The chances of winning depend on each specific case, though most tend to get settled out of court. Regardless, the professionals said it’s important to reach out to a lawyer, no matter what.

“These are not cases you can put together on your own,” Eisen stated. “You have to launch a full-scale investigation. When patients try to get their medical records on their own, they aren’t getting the whole story.”

Tor said, “Medical malpractice is a very complicated and challenging area of law and requires evaluation by someone with experience and knowledge of the relevant law and medicine. But it’s important to understand that the legal standard is objective. It’s not about whether someone had good or bad motives or intentions. It’s about whether they acted reasonably.”

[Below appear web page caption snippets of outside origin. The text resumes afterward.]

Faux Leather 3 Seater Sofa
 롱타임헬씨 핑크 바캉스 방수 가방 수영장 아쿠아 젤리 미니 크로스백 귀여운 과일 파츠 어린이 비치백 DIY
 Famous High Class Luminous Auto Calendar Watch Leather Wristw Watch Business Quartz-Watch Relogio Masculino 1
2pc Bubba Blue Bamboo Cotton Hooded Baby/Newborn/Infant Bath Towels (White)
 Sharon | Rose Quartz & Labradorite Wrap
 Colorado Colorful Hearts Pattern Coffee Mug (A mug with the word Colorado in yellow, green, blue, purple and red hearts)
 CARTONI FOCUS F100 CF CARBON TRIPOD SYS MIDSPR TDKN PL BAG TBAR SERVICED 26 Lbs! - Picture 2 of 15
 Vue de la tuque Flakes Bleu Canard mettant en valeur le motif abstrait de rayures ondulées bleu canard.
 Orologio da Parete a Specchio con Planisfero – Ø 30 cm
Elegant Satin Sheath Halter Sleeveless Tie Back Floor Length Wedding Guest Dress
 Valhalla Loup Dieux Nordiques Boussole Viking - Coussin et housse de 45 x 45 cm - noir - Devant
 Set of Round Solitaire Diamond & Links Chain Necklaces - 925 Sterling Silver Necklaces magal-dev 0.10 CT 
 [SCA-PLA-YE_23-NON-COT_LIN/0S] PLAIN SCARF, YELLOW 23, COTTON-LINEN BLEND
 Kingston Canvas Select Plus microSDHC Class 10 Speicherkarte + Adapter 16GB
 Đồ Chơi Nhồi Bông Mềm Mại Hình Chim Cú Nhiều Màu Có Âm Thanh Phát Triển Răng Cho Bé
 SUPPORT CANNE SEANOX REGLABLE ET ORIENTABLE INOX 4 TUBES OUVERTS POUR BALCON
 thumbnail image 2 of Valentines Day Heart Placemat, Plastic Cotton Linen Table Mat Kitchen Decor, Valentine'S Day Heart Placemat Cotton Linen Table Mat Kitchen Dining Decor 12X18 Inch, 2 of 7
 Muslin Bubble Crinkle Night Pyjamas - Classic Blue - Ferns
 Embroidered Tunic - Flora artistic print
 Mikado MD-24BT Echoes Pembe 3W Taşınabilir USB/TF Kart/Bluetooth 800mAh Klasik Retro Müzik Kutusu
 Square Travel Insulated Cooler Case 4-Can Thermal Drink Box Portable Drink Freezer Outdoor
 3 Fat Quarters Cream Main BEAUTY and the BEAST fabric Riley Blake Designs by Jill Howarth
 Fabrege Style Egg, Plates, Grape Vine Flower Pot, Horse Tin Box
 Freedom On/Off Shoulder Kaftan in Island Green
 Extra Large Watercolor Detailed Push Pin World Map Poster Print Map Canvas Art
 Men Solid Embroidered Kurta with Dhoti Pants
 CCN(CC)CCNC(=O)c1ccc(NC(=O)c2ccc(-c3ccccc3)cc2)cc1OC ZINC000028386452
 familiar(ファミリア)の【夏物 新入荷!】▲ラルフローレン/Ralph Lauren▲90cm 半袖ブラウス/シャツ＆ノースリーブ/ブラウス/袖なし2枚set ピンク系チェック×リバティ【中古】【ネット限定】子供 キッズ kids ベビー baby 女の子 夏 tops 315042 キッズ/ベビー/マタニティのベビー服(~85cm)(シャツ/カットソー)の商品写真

Elk suggested clients reach out to lawyers who are well-versed in medical malpractice, not just any lawyer.

“Contact a firm like Elk & Elk,” he said. “We have resources available on staff – like two registered nurses, a lawyer who is also a registered nurse and two lawyers who are incredibly well-versed in all areas of medical malpractice.”

Mishkind added clients should not be afraid to ask questions.

“Ask your doctors why something was ordered or if they can explain something,” he said. “Often, medicine is more of an art than a science. Sometimes, there aren’t exact answers. But, a mistake is a mistake. And if they continue to make the same mistake over and over again, that isn’t OK, and something needs to be done.”